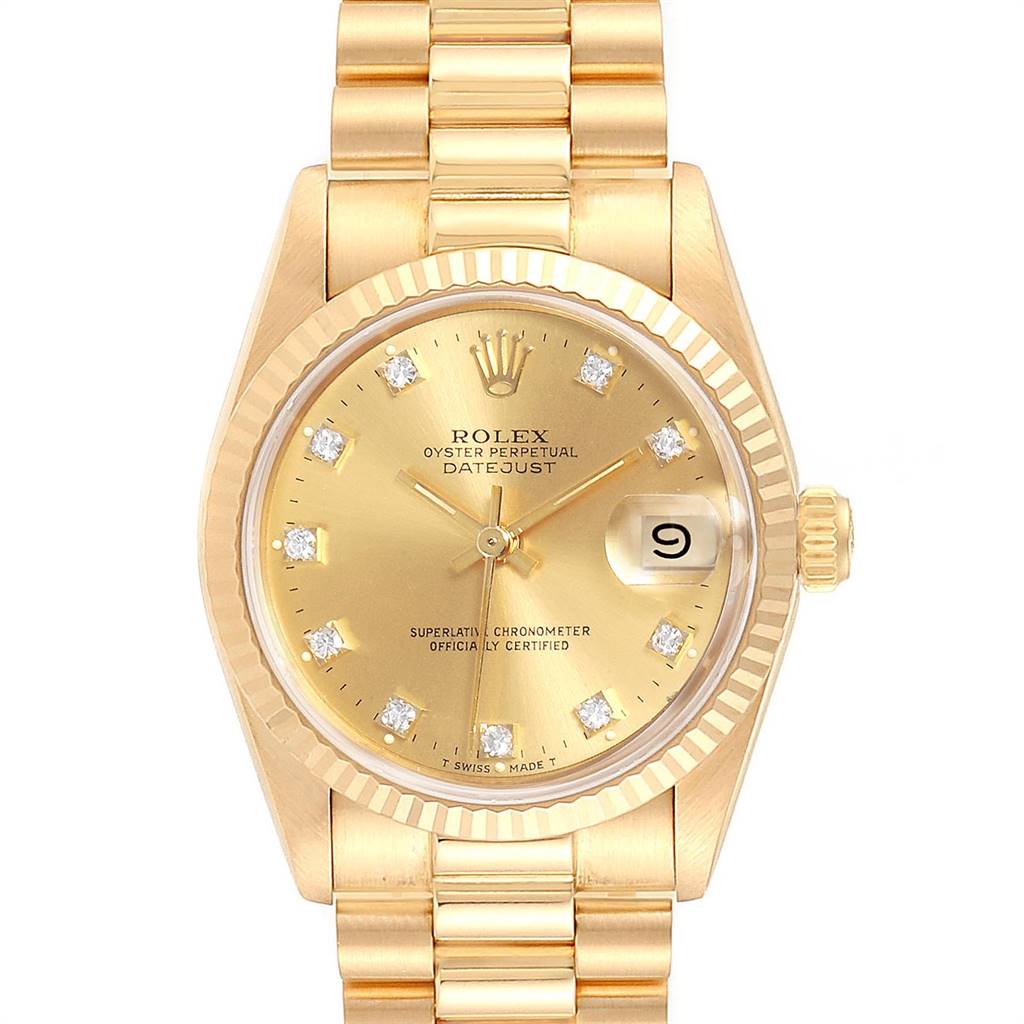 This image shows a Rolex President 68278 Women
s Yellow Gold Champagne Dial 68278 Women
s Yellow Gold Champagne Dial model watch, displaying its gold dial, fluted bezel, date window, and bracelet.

= = = =

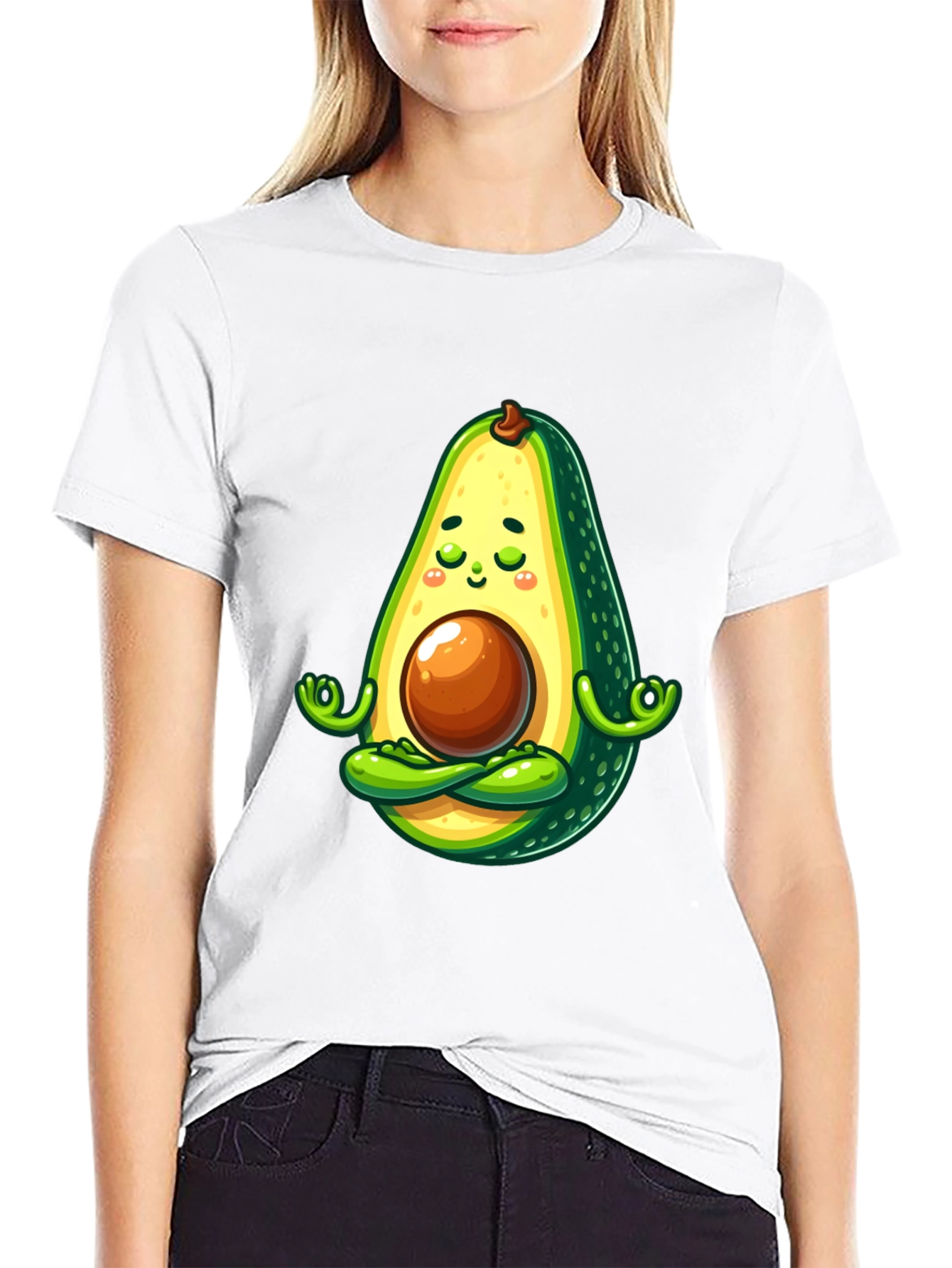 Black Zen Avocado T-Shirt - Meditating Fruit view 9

= = = =

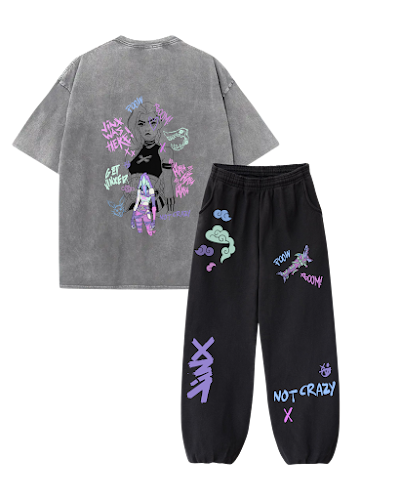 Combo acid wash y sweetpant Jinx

= = = =

The line holding "This image shows" starts the copy and the line holding "s Yellow Gold Champagne Dial model" ends it. Repeat those two lines above and all between them exactly, leaving out pictures.

 This image shows a Rolex President 68278 Women
s Yellow Gold Champagne Dial 68278 Women
s Yellow Gold Champagne Dial model watch, displaying its gold dial, fluted bezel, date window, and bracelet.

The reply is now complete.